In the Spotlight January 2011

Published on: 
Pharmaceutical Technology, Pharmaceutical Technology-01-02-2011, Volume 35, Issue 1

A look at manufacturing products in process control.

Editors' Picks of Pharmaceutical Science & Technology Innovations

The production lines that create small- and large-molecule dosage forms can be long and complex. Each step of the process must be monitored carefully to ensure that the resulting drug product meets its specifications and is free from contaminants. This month's products help manufacturers understand and control their production processes. Updated software from Yokogawa makes it easier than before for users to find and view process data. Mettler Toledo's workstation allows operators to ensure the safety of chemical reactions.
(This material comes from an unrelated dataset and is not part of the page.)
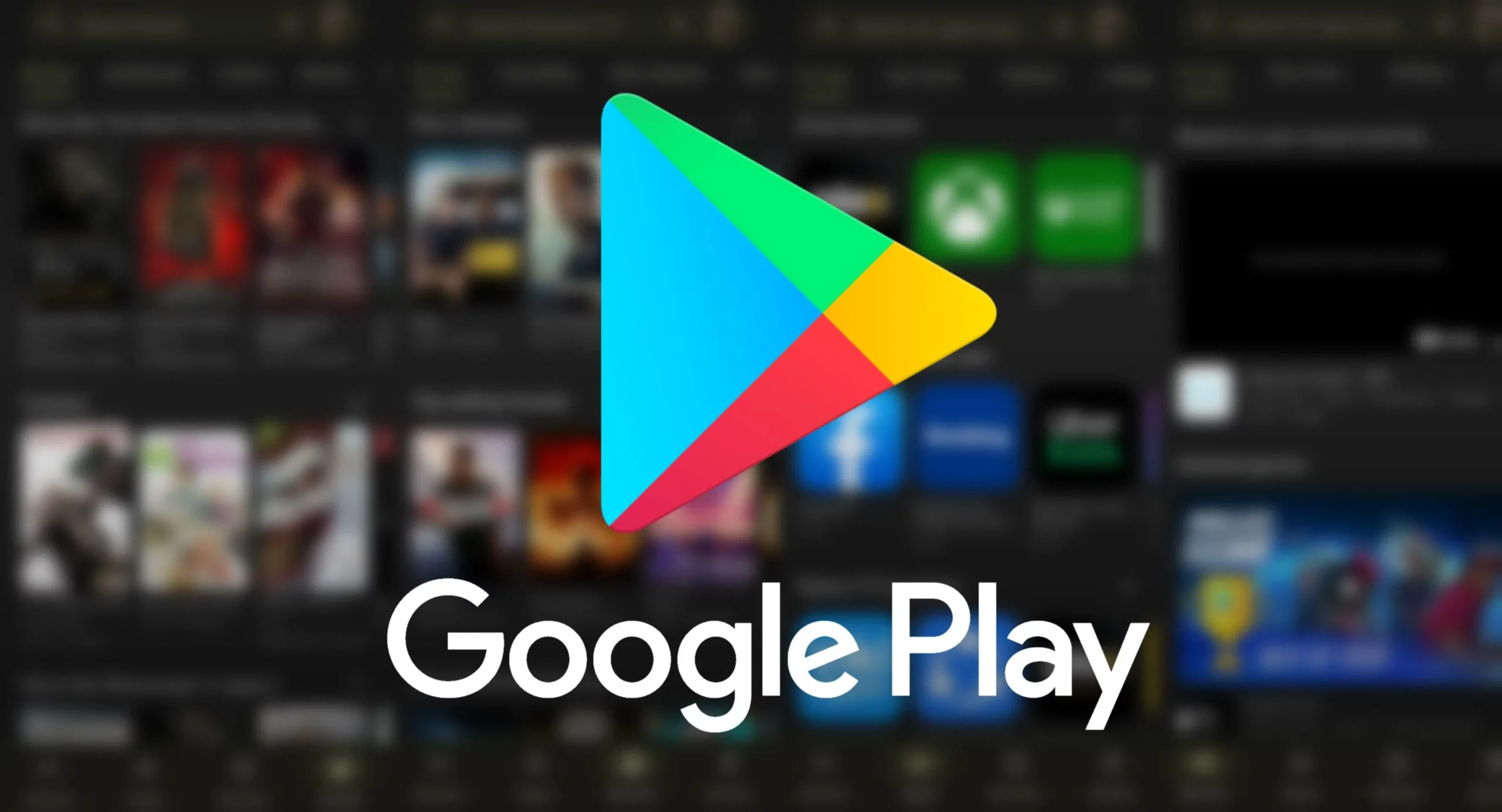 Cách kiếm tiền từ Google Play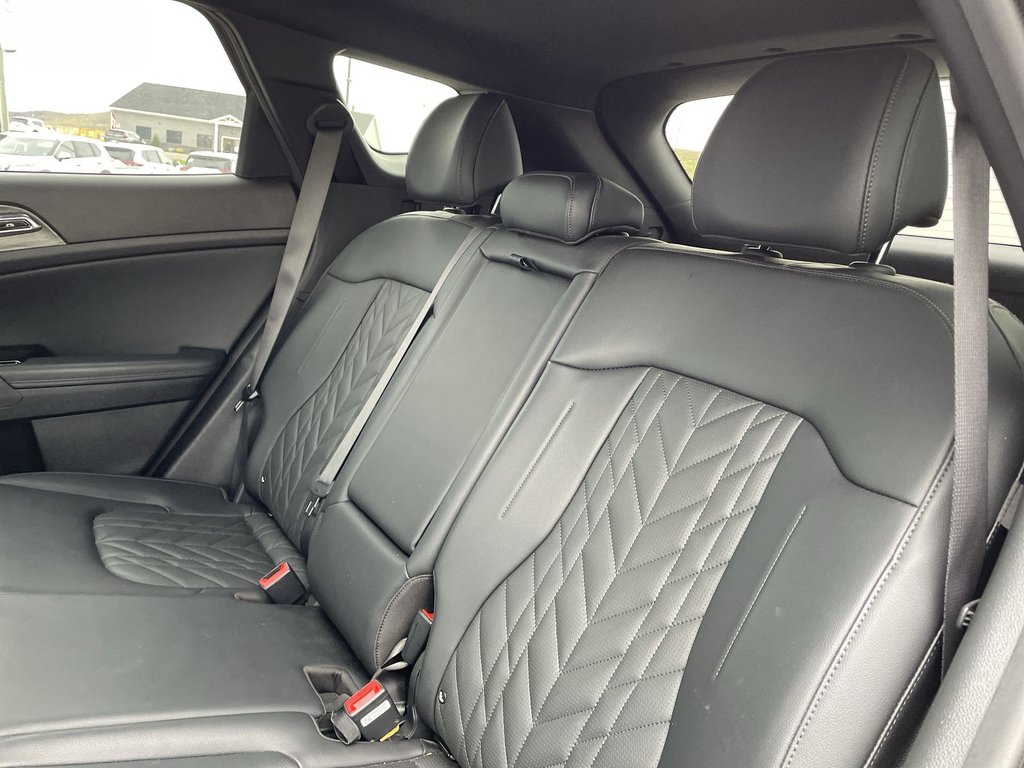 2024 Kia SPORTAGE xline ltd | usb | cam | bluetooth | warranty 2030 in Saint John, New Brunswick - 38 - w1024h768px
Personnel can monitor several cell-culturing processes in real time with Stratophase's optical microchips.

Control system eases access to information

Version R4.03 of Yokogawa's (Sugar Land, TX) Centum VP production-control system incorporates an enhanced operator interface to batch software. Operators now can locate, deploy, and monitor recipes in fewer keystrokes than before. The interface also displays parameters such as elapsed time, unit status, and operation identification in one overview screen when a control recipe is running. Users thus do not have to seek information in several locations.
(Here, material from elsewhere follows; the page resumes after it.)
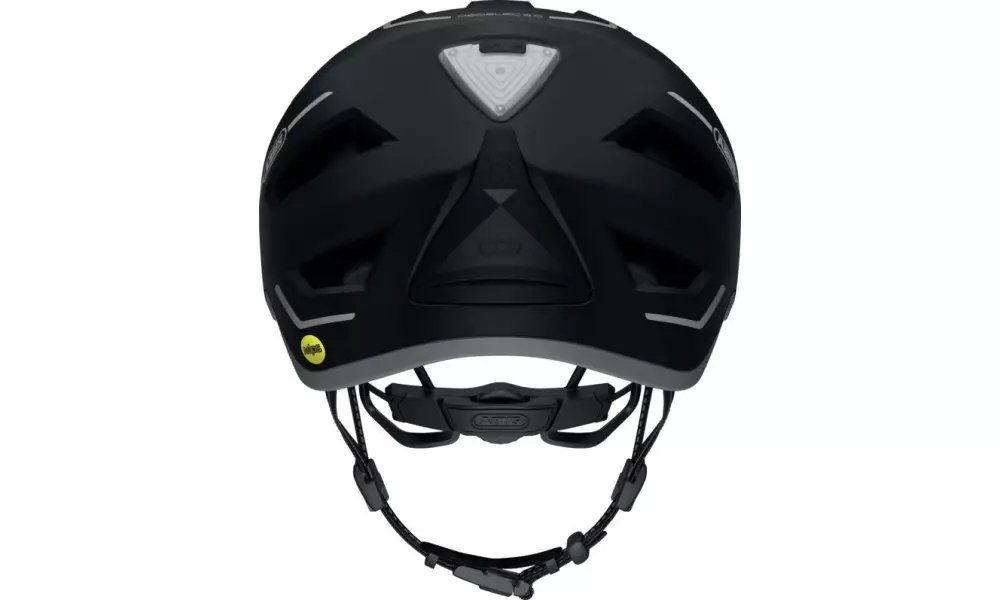 Kiivri Abus Pedelec 2.0 MIPS velvet black - 1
Centum VP software Yokogawa www.yokogawa.com

In addition, the Centum VP software's operator interface uses frames and structured windows to simplify access to data and displays. Users can move between tabs with keystrokes to find information quickly, rather than calling up a new display or linking to a separate display. Yokogawa also has modified the software's trend display system. A single screen allows users to compare batches' performance with that of a reference batch.

Technology allows real-time monitoring of cell cultures

Stratophase's (Romsey, UK) SpectroSens optical microchips allow real-time, in-line monitoring of cell-culturing processes. Because the technology can monitor several parallel processes from a single control unit, it is appropriate for environments that use multiple bioreactors for development, pilot, or commercial-scale production. The technology's optical microchip sensors can be incorporated easily into multiple-use insertion probes or disposable probe formats. The output signal from SpectroSens optical microchips helps personnel identify and maintain optimal growth conditions.
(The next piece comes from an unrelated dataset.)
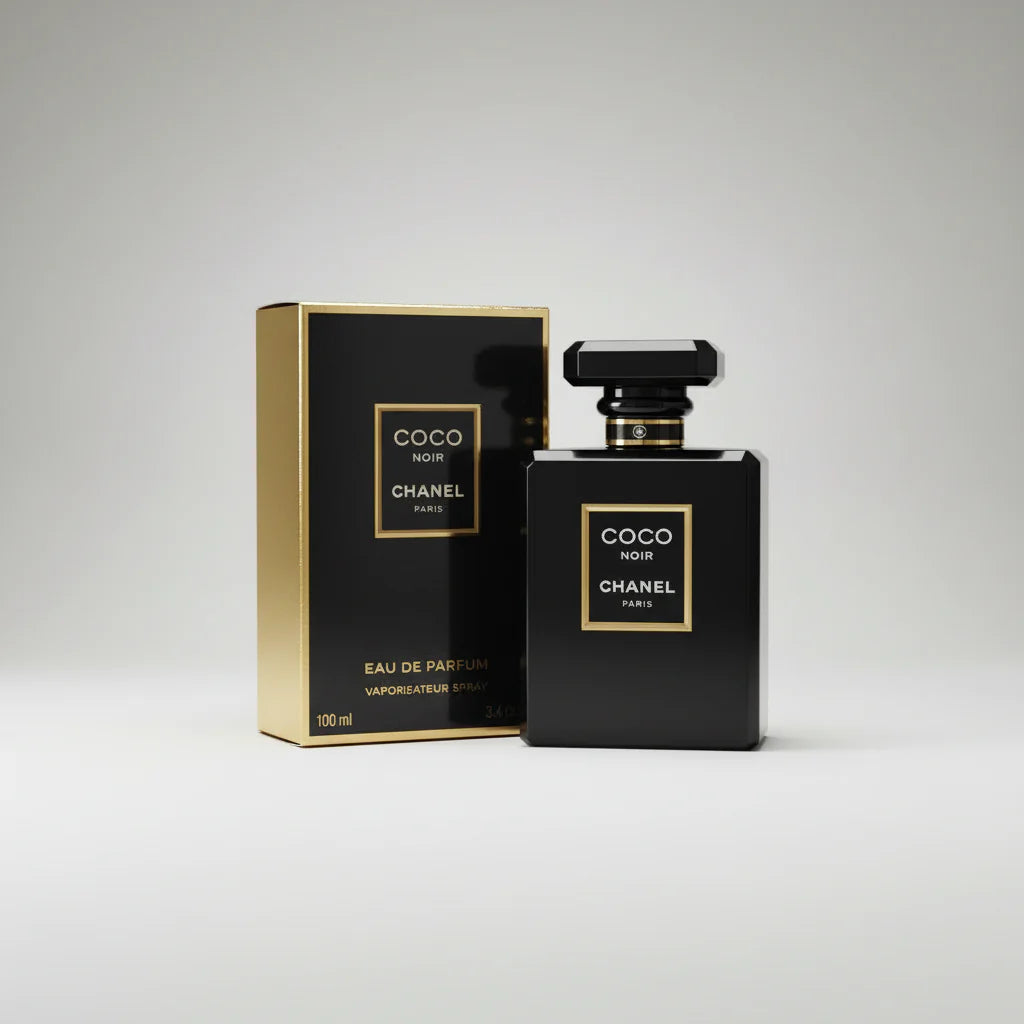 Chanel - Coco Noir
SpectroSens optical microchips Stratophase www.stratophase.com

Workstation enables control of strong reactions

Mettler Toledo's (Zürich) RC1e process-safety workstation enables users to assess and control chemical reactions for creating active pharmaceutical ingredients. The workstation is based on heat-flow calorimetry, and its integrated measuring devices provide accurate and reproducible measurements of process parameters such as temperature, pressure, and pH. The unit tracks heat data in real time and allows users to optimize process parameters while a reaction is in progress.

RC1e process-safety workstation Mettler Toledo http://us.mt.com

Using information collected by the thermostat, the system calculates data such as heat transfer coefficients, specific heats, heat-flow rates, and thermal accumulation. The workstation converts basic data into crucial safety information. The safety runaway graph describes failure scenarios and helps users avoid runaway reactions, and a graph indicates the process's level of criticality.

The system is controlled by flexible software that integrates with online analytical tools. Operators can run predefined, automated procedures; directly control individual process steps with the system; or combine both approaches.